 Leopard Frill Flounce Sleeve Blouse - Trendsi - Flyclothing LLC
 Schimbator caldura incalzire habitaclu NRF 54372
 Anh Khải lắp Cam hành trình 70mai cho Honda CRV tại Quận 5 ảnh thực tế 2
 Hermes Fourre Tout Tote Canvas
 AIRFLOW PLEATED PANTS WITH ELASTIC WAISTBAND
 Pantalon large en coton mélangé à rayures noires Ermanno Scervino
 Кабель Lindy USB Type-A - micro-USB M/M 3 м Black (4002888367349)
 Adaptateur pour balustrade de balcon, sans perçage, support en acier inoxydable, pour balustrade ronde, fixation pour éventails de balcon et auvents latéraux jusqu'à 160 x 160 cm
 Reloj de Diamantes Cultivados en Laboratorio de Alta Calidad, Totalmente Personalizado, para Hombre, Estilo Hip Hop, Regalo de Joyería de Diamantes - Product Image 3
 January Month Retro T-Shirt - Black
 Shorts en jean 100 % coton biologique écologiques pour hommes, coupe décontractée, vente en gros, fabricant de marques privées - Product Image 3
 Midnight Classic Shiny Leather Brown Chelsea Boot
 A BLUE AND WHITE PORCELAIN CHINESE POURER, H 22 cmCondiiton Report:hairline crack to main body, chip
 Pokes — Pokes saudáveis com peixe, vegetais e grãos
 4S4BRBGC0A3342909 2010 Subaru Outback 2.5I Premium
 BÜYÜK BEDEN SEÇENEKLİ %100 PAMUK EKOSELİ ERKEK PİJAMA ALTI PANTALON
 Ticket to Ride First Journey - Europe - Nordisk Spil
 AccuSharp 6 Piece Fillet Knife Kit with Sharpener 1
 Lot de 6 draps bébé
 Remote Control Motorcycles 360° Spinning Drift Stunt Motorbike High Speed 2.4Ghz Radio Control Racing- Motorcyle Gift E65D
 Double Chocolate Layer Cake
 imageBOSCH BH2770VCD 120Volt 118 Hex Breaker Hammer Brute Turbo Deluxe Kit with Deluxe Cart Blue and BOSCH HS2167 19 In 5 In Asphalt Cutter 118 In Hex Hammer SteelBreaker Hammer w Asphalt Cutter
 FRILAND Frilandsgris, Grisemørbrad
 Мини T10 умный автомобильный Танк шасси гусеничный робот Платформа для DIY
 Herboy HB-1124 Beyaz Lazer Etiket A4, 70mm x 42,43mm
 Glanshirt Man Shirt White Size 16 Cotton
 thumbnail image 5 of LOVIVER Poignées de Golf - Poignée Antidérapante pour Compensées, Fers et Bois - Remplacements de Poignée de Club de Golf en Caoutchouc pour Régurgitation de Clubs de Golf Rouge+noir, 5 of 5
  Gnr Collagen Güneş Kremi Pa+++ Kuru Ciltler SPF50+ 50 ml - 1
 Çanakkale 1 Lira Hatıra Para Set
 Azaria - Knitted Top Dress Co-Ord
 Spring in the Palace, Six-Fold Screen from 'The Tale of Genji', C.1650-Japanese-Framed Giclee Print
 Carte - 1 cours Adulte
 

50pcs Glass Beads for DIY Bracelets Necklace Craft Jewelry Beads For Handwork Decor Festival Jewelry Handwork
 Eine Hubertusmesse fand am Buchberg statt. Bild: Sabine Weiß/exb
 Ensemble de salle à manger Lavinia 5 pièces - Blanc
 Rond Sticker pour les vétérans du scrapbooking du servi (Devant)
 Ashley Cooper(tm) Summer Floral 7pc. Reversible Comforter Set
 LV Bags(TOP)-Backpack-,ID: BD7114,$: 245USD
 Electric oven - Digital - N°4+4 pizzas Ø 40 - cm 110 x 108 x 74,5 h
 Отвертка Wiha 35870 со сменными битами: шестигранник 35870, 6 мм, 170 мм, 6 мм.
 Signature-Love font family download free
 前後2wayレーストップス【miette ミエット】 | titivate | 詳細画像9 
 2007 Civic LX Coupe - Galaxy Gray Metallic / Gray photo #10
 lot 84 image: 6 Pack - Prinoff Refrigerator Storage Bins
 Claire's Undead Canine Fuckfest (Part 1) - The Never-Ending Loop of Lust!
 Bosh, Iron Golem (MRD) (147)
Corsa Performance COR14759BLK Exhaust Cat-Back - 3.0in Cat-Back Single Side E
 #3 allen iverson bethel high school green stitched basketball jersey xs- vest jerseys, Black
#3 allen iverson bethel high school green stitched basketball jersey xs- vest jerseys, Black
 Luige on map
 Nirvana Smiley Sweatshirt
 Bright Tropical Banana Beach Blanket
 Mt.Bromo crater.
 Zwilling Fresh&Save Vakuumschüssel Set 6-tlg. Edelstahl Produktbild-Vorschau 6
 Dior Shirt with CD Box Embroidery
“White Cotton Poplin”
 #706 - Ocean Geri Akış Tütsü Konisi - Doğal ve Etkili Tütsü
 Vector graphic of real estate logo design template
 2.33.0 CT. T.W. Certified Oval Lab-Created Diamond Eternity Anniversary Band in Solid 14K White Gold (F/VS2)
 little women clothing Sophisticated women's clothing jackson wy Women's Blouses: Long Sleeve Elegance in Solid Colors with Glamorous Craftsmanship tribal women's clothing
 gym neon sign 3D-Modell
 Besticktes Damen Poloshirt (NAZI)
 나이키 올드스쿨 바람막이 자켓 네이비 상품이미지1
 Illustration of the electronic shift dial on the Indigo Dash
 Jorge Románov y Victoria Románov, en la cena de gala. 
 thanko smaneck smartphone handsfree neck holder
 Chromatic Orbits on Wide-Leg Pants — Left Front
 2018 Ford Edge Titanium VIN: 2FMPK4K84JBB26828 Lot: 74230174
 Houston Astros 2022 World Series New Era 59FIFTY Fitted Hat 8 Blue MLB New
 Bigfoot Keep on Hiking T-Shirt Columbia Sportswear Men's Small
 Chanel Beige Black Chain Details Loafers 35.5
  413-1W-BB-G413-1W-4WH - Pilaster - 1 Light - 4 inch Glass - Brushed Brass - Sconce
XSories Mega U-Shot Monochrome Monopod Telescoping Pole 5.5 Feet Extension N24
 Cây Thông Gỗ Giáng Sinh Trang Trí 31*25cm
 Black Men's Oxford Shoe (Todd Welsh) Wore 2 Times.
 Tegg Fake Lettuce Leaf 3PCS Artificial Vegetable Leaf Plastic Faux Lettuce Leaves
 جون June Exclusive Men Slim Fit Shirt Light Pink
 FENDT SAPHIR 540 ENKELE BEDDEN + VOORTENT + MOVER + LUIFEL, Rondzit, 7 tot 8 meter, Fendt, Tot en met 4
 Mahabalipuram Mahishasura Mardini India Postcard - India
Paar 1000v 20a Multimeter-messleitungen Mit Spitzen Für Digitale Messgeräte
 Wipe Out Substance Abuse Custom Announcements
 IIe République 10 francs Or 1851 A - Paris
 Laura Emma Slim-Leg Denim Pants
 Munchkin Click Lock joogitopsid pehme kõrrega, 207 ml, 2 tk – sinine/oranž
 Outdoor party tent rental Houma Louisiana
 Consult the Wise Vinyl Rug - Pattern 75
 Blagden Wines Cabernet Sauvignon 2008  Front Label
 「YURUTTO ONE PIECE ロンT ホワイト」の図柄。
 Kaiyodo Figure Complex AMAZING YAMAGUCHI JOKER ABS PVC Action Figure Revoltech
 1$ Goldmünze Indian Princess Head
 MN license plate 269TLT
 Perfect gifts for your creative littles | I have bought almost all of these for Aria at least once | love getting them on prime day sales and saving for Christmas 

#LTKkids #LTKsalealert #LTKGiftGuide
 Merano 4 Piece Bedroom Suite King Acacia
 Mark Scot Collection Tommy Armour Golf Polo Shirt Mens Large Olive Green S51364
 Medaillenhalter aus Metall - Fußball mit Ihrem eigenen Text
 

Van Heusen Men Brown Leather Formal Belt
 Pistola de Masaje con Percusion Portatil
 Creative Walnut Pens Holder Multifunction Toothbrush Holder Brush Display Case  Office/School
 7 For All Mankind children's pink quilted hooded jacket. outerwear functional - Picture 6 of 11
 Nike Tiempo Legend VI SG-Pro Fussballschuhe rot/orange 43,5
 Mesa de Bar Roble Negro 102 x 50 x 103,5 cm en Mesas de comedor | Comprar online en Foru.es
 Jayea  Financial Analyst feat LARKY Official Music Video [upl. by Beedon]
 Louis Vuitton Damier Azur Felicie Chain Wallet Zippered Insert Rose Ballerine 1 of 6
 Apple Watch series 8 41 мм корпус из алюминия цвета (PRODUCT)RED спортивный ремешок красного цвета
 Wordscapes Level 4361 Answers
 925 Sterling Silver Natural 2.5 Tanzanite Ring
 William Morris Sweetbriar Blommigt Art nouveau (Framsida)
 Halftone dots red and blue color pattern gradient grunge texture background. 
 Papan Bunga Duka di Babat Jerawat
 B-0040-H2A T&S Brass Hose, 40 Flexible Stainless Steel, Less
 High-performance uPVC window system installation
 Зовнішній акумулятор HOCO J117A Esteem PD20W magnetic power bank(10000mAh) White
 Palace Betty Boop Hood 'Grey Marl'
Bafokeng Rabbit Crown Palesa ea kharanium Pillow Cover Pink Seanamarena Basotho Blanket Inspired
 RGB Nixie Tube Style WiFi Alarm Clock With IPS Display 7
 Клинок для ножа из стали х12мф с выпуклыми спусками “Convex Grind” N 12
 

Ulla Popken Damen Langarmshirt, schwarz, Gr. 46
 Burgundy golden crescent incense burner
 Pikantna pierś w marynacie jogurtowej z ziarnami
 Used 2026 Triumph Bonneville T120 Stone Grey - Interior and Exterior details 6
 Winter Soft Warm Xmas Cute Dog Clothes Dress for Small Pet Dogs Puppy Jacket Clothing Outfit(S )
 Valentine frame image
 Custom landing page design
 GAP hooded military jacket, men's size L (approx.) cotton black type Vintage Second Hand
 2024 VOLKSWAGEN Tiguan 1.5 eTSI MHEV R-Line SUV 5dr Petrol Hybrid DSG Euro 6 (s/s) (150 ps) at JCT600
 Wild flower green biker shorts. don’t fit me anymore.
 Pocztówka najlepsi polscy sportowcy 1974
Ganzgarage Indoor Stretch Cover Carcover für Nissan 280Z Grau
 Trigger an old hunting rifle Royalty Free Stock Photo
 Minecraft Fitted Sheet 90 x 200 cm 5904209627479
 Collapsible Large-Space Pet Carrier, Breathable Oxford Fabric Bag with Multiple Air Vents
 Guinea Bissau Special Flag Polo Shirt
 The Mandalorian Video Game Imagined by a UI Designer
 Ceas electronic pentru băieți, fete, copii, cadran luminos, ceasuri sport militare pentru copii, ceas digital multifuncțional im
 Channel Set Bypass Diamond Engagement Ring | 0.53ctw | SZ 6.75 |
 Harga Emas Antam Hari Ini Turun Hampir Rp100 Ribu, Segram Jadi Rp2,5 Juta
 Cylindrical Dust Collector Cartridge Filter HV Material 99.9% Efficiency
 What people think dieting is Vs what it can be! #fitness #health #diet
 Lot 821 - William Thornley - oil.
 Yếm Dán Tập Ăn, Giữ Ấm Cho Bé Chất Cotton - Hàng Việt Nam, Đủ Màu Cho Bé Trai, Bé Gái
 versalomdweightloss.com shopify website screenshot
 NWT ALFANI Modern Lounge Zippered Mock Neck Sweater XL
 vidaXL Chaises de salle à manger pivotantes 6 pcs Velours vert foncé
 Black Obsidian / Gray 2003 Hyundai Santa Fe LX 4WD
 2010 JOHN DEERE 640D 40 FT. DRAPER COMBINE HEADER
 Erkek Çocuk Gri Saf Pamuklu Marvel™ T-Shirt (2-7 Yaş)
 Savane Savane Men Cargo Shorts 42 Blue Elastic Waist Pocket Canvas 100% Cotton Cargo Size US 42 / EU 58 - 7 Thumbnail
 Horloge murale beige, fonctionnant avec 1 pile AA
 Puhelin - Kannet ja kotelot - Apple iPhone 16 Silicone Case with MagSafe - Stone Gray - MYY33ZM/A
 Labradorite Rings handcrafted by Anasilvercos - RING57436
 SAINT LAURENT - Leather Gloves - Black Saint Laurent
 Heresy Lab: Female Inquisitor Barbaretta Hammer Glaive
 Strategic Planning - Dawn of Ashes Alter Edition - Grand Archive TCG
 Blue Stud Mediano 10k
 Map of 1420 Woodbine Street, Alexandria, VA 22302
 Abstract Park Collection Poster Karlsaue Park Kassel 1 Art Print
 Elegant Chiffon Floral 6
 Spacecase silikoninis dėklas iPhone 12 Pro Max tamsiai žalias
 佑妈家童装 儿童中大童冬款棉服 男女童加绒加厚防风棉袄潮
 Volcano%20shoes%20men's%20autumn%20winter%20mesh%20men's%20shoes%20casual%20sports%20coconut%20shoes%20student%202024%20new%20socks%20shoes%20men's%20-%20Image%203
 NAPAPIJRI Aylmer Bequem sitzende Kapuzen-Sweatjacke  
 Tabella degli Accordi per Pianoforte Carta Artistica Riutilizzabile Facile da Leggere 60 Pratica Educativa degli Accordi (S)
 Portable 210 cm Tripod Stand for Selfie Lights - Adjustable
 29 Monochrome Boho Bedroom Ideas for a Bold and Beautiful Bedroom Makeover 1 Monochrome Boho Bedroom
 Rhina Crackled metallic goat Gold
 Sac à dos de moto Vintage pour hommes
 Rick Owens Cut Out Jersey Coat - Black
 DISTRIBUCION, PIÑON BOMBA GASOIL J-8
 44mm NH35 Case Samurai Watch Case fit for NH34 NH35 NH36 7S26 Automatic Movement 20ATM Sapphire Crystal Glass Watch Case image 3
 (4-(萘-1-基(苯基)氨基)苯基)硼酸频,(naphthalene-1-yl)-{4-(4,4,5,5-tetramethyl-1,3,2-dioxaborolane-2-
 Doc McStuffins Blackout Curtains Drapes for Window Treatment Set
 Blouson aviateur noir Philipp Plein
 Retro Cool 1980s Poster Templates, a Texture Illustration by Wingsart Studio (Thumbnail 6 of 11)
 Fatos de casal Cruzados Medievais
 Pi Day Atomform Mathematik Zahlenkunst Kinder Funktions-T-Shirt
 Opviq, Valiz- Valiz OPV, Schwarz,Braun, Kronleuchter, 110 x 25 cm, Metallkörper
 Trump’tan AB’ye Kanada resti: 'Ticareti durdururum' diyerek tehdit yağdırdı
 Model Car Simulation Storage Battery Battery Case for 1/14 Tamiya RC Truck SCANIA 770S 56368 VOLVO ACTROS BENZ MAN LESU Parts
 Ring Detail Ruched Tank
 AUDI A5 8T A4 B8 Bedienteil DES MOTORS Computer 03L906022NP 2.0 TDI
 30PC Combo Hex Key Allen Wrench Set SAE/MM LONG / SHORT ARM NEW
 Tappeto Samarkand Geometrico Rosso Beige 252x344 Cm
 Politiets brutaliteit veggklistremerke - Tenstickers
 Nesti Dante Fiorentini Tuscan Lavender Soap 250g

▶ [Try it]: From the very first line of the data through the line with "Кабель Lindy USB" in it, please reproduce each line exactly and output nothing more.

▶ [Response below]:
 Leopard Frill Flounce Sleeve Blouse - Trendsi - Flyclothing LLC
 Schimbator caldura incalzire habitaclu NRF 54372
 Anh Khải lắp Cam hành trình 70mai cho Honda CRV tại Quận 5 ảnh thực tế 2
 Hermes Fourre Tout Tote Canvas
 AIRFLOW PLEATED PANTS WITH ELASTIC WAISTBAND
 Pantalon large en coton mélangé à rayures noires Ermanno Scervino
 Кабель Lindy USB Type-A - micro-USB M/M 3 м Black (4002888367349)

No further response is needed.